Went to the Racine dam today and did fairly decent. 15+ white bass, largemouth and a smallie. Had a guy give me his pole so I could get into some skipjack... That stuff just doesn't happen everyday. Sat there and worked with me and teaching me for almost three hours... Next time I make a trip I will get my hybrid.


Outdoor Hub mobile, the outdoor information engine


----------



## riverKing (Jan 26, 2007)

hows the water color down there still pretty clear?


----------



## Doboy (Oct 13, 2008)

Fishfinaddict said:


> Went to the Racine dam today and did fairly decent. 15+ white bass, largemouth and a smallie. Had a guy give me his pole so I could get into some skipjack... That stuff just doesn't happen everyday. Sat there and worked with me and teaching me for almost three hours.... Next time I make a trip I will get my hybrid.
> 
> 
> NICE, addict,,,, Hope you do!
> ...


----------



## Fishfinaddict (Sep 18, 2012)

yeah doboy it just feels good when avid fisherman who don't have to share their tactics or fishing spots, but do and because of that you end up getting into them. I always try to help others understand the joy of a great fishing day, because once that happens they are hooked for good. And about the water quality at the dam, I'm not there enough to have an average but all the locals said they were letting out a lot of water and the current was really heavy. I was able to see my white jig heads and white tails at about 20 feet away in around five feet of water.


Outdoor Hub mobile, the outdoor information engine


----------



## I Fish (Sep 24, 2008)

riverKing said:


> hows the water color down there still pretty clear?

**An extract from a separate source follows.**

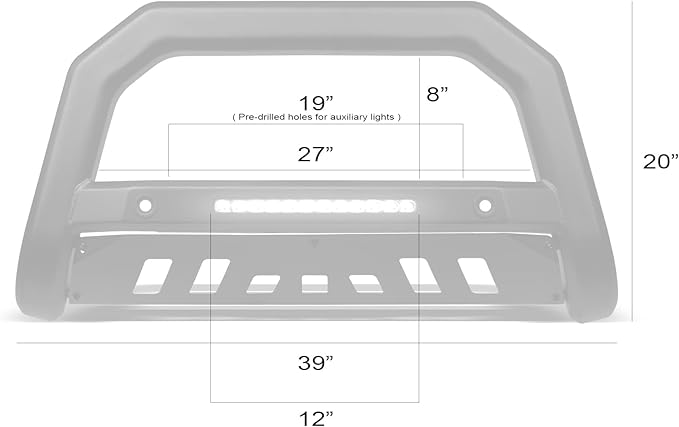 Armordillo 8707869 AR-T Series LED Bull Bar Compatible with Parking Sensor - Matte Black Fits 2020-2023 Chevy Silverado 2500 3500 HD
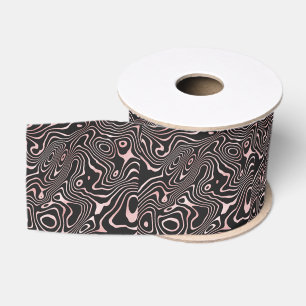 Ruban Gros-grain Black Rose Gold liquid swirl Abstract Design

Brown and fast. Racine's been crap the last couple weeks. I don't know where they've gone, but nobody is catching hybrids there. A couple weeks ago, there were a few caught on spoons, but they just seemed to disappear. Last Saturday, I caught 2 and seen 3 others caught from 4:00 am to 9:00pm, and that was it. You couldn't have bought a skipjack this Saturday or Sunday. Yesterday, the water was pretty clear until about 8:30, then it got brown. I got 1 hybrid and 1 white, and other than a handfull of catfish and sheephead, nothing else was caught. I didn't get a bite today and only saw a couple whites caught. One friend or another have been down there just about every day, and it's just dead. I'm not just saying this to keep people from it, go try and you'll see It sucks right now, and nobody seems to know why.


----------